• Work order: Copy the complete listing exactly as shown.

• Available records:
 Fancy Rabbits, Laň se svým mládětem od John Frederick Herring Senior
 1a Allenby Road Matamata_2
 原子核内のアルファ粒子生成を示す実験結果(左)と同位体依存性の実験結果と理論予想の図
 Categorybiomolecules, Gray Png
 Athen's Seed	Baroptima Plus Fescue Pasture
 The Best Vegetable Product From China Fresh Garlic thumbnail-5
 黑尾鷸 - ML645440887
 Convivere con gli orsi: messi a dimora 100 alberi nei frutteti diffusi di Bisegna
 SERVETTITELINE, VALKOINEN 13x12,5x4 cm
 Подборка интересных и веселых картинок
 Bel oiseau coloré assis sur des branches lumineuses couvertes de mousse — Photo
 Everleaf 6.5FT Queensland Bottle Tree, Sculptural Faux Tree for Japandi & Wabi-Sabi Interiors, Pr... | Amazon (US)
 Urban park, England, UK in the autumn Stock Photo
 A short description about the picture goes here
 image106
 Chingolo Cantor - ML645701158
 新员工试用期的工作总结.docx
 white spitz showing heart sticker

• Task solution:
 Fancy Rabbits, Laň se svým mládětem od John Frederick Herring Senior
 1a Allenby Road Matamata_2
 原子核内のアルファ粒子生成を示す実験結果(左)と同位体依存性の実験結果と理論予想の図
 Categorybiomolecules, Gray Png
 Athen's Seed	Baroptima Plus Fescue Pasture
 The Best Vegetable Product From China Fresh Garlic thumbnail-5
 黑尾鷸 - ML645440887
 Convivere con gli orsi: messi a dimora 100 alberi nei frutteti diffusi di Bisegna
 SERVETTITELINE, VALKOINEN 13x12,5x4 cm
 Подборка интересных и веселых картинок
 Bel oiseau coloré assis sur des branches lumineuses couvertes de mousse — Photo
 Everleaf 6.5FT Queensland Bottle Tree, Sculptural Faux Tree for Japandi & Wabi-Sabi Interiors, Pr... | Amazon (US)
 Urban park, England, UK in the autumn Stock Photo
 A short description about the picture goes here
 image106
 Chingolo Cantor - ML645701158
 新员工试用期的工作总结.docx
 white spitz showing heart sticker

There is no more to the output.